In August 2001, after the first round of the Bush tax cuts were in place, the CBO projected a surplus of $176 billion in fiscal year 2002, with surpluses continuing to grow in the following years.
[...]And after Bush signed the second round of tax cuts into law in 2003, federal deficits started to shrink. By 2007, the federal deficit was just $160 billion, and the CBO was again forecasting annual surpluses starting in 2012.
[...]Over the next decade… the middle class tax cuts that Obama wants to keep will cost $3.7 trillion, according to the CBO .
But tax cuts for the “rich” that Obama wants to abandon add up to just $824 billion.
That’s $824 billion over 10 years – but Obama has run the national debt up by $6 trillion in only 4 years. $824 billion over 10 years is chicken feed compared to that $6 trillion in debt in only 4 years.
Should we let the Bush tax cuts expire?
Here’s is Marc Thiessen in the liberal Washington Post to make the case that the tax cuts should be allowed to expire.
While the Bush tax cuts expire on Dec. 31, so do a lot of tax policies the Democrats support. For example:
- The 10 percent income tax bracket would disappear, so the lowest tax rate would be 15 percent.
- The employee share of the Social Security payroll tax would rise from 4.2 percent to 6.2 percent.
- An estimated 33 million taxpayers — many in high-tax blue states — would be required to pay the alternative minimum tax, up from 4 million who owed it in 2011.
- The child tax credit would be cut in half, from $1,000 today to $500, and would no longer be refundable for most.
- Tax preferences for alternative fuels, community development and other Democratic priorities would go away.
- And the expansions of the earned income tax credit and the dependent care credit would disappear as well.
[...]Right now, Democrats are demanding that Republicans raise taxes while Republicans are demanding that Democrats agree to cut Social Security and Medicare spending. A grand bargain this fall, then, would mean that Republicans get to raise revenue from their own supporters (small-business job creators) in exchange for cutting spending for their own supporters (seniors). Genius! Much better to wipe the slate clean, and start over with more leverage for fundamental tax reform and structural entitlement reform.
[...]During the campaign, President Obama repeatedly told us how he wants to “go back to the income tax rates we were paying under Bill Clinton — back when our economy created nearly 23 million new jobs, the biggest budget surplus in history, and plenty of millionaires to boot.” Well if the Clinton tax rates were so great, let’s go back to all of the Clinton rates and relive the booming ’90s.
At least going back to the Clinton rates would put more people on the tax rolls, and give more Americans a stake in constraining government spending. It would also force all Americans — including the middle class — to pay for growing government services, instead of borrowing the money from China and passing the costs on to the next generation.
Americans had a choice this November, and they voted for bigger government. Rather shielding voters from the consequences of their decisions, let them pay for it.
His point is that if we do nothing, then the Democrats will be tarred with having to pay for the trillions of spending that they have incurred in the last 4 years. Obama complained and complained about them, and when we repeal them and it wrecks economy, he will take the blame.

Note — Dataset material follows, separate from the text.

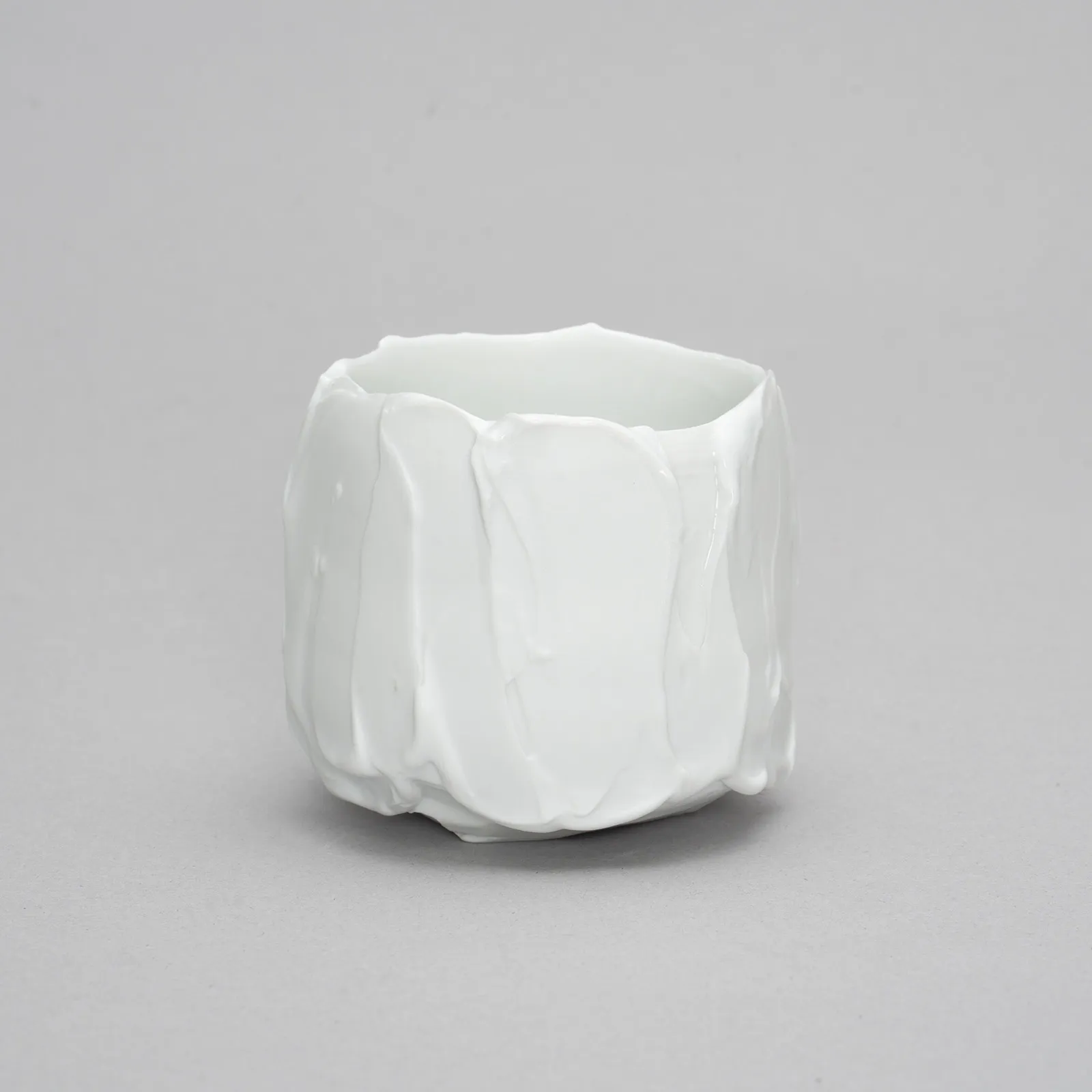 ぐい呑 -纏うカタチ-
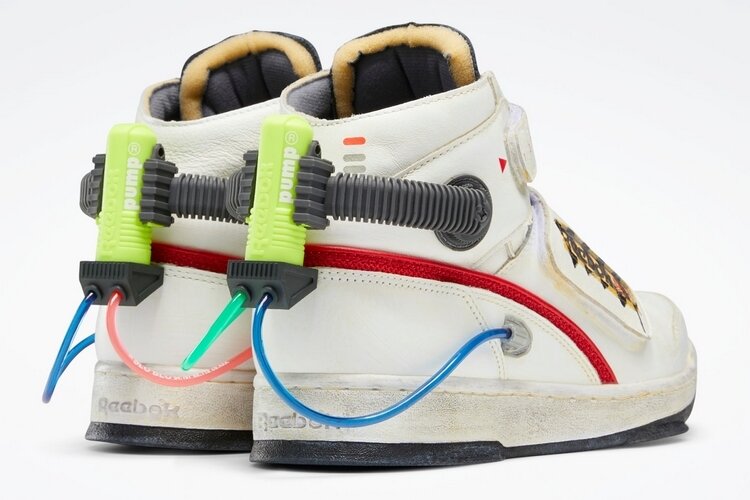 Мини-протоны на задней части кроссовок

The people who voted for them have been insulated from paying for all of his spending, because it is all been passed on to children, born and unborn. Taxes have not been raised enough to pay for all the spending, it’s just been added to the debt. Maybe we should make the beneficiaries of that spending foot the bill, so that they will understand how they need to vote next time. Republicans aren’t voting for tax increases. They are just letting them expire, exactly as Obama wants. He will take the blame for this, and then people will have a real choice to make in 2016. Let the people who voted for bigger government pay the bill for bigger government.